I will plan out my meals on the calendar, then check what I have on hand, and then make up my list of items that I will need.  I break it down by store, and start the list with the very first meal on my calendar working my way over each day.  It'll look like this


 
"Woah!  I see body wash and pads on your list, and you shop at Costco?"  Yes, and yes.  The $330 for the 15 day period includes EVERYTHING we will need, not just food.  So, you will see toilet paper and dish soap, and body wash and panty liners. And yes, we do shop at Costco.  I usually get more than just the Muscle Milk that is listed (usually 1 2pk of 18 eggs and 3 cases of kiefer), but egg prices have skyrocketed and Costco has been out of kiefer the last three shopping trips I've done.  I'm erring on the side of caution and just purchasing the larger bottles from Mariano's this time around.  

That list - that's exactly what I get - nothing more.  How do I stick to my list?  I buy everything with cash.  I start with Aldi since that is the store we get the vast majority of our staples from, then move on to WalMart (which by me is right next to Aldi), from there I re-assess what money I have left and then go to Mariano's, any specialty shops (in this case, the Italian market for pizza set ups) and then to Costco.

Here is my breakdown for this shopping period (*I have NOT gone to Costco yet)

Aldi - $178.87
WalMart - $51.02
Mariano's - $49.18
Ambrosino's - $14.27
Total - $293.34
I have $36.66 left
(Muscle Milk at Coscto costs $29.99, less tax)

What am I going to do with the extra money?  Likely buy a dozen eggs.

TIP - Shop using a list
TIP - Shop using only cash (this will make you stick to your list)
TIP - Bring your own bags
(Aldi charges for bags and Mariano's gives me a credit for using my own bags)

"Bags, really?  Like, I always forget to bring them" Yeah, well, I remember one time having to spend $2 in bags at Aldi and then being $2 short to purchase lunch meat for 15 days, so, I kind of learned my lesson.  I also have a "problem" with reusable bags.



TIP - Wash your reusable shopping bags after every shopping tip.  They get gross.  

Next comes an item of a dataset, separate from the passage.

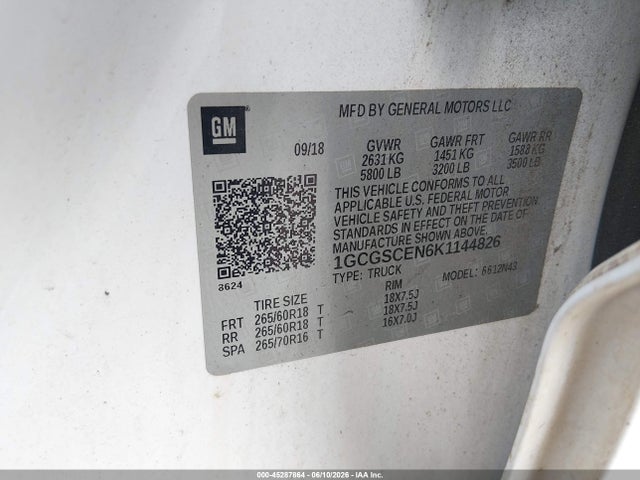 Продаж на аукціоні авто 2019 Chevrolet Colorado Lt, vin: 1GCGSCEN6K1144826, номер лоту: 45287864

A time of desperation led me to plan and shop like this.  Believe me, we are eating WAY BETTER than we were a mere three years ago.  It's small steps.  Would I like to purchase all organic, farm fresh, GMO free foods - SURE.  Am I at a place where I can do that right now, nope.  But, that doesn't mean that I cannot make good choices with what I purchase.  Nor does that mean that I will always be shopping like this.  I won't!  As is proof in my title.  We went from the frying pan straight into the fire, and right now, I kind of think we jumped from the fire into the sink.  We are cooling off. Checking things out and making better food choices and eating better.  It's always about progression, and what can I do better today.  That's it.  Make small changes and let them compound.